Variable Universal Life
Variable universal life insurance gives the consumer the flexibility of a universal policy along with a selection of investment choices. The mutual fund sub accounts in these policies are technically classified as securities and are therefore subject to Securities and Exchange Commission (SEC) regulation and the oversight of the state insurance commissioner. The investment risk in these policies lies with the policy owner; as a result, the death benefit value may rise or fall depending on the success of the policy's underlying investments. However, policies may provide some type of guarantee that at least a minimum death benefit will be paid to beneficiaries.

Term Life
One of the most commonly used policies is term life insurance. It pays the face amount of the policy, but only provides protection for a definite, but limited, amount of time.
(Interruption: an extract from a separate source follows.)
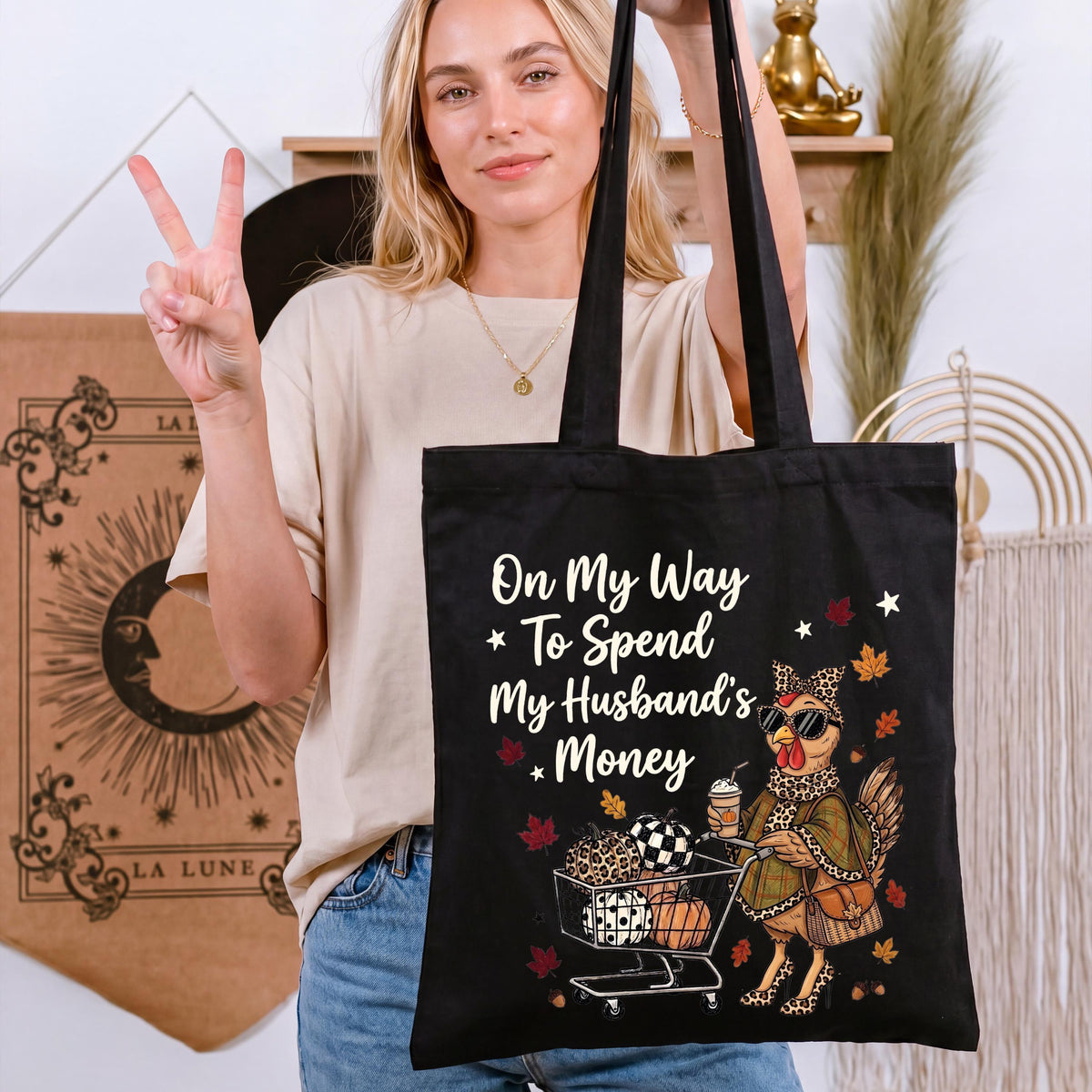 Thanksgiving Turkey Tote Bag, Spending my Husband's Money Tote, Funny Shopping Lover Gift Bag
Term policies do not build cash values and the maximum term period is usually 30 years. They are useful when there is a limited time needed for protection and when the dollars available for coverage are limited. The premiums for these types of policies are significantly lower than for any type of cash value policy. They also (initially) provide more insurance protection per dollar spent than any type of permanent policy. However, the cost of premiums increases as the policy owner gets older and as the end of the specified term nears. Term polices can have some variations, including, but not limited to:

  • Annual Renewable and Convertible Term: This policy provides protection for one year, but allows the insured to renew the policy for successive periods thereafter, but at higher premiums without having to furnish evidence of insurability. These policies may also be converted into whole life policies without any additional underwriting.
     
  • Level Term: This policy has an initial guaranteed premium level for specified periods; the longer the guarantee, the greater the cost to the buyer (but usually still far more affordable than permanent policies). These policies may be renewed after the guarantee period, but the premiums do increase as the insured gets older.
     
  • Decreasing Term: This policy has a level premium, but the amount of the death benefit decreases with time. This is often used in conjunction with mortgage or other debt protection.
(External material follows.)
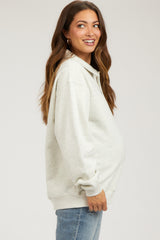 Cream Collared Pullover Maternity Sweatshirt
Many term life insurance policies have major features that provide additional flexibility for the insured/policyholder. A renewability feature, perhaps the most important feature associated with term policies, guarantees that the insured can renew the policy for a limited number of years (i.e., a term between five and 30 years) based on attained age. Convertibility provisions permit the policy owner to exchange a term contract for permanent coverage within a specific time frame without providing additional evidence of insurability. Of course, these provisions will raise the policy premiums accordingly.

The Bottom Line

Many insurance consumers only need to replace their income until they've reached retirement age, have accumulated a fair amount of wealth, or their dependents are old enough to take care of themselves. When evaluating life insurance policies for you and your family, you must carefully consider the purchase of temporary versus permanent coverage. There are many differences in how policies may be structured and how death benefits are determined, as well as how they are priced and their duration.

Many consumers opt to buy term insurance as a temporary risk protection and then invest the savings (the difference between the cost of term and what they would have paid for permanent coverage) in a brokerage account, mutual fund or retirement plan. In some cases, this is a good idea, but it is not necessarily always the best option, especially for those who must rely on at least a certain amount of coverage when they die.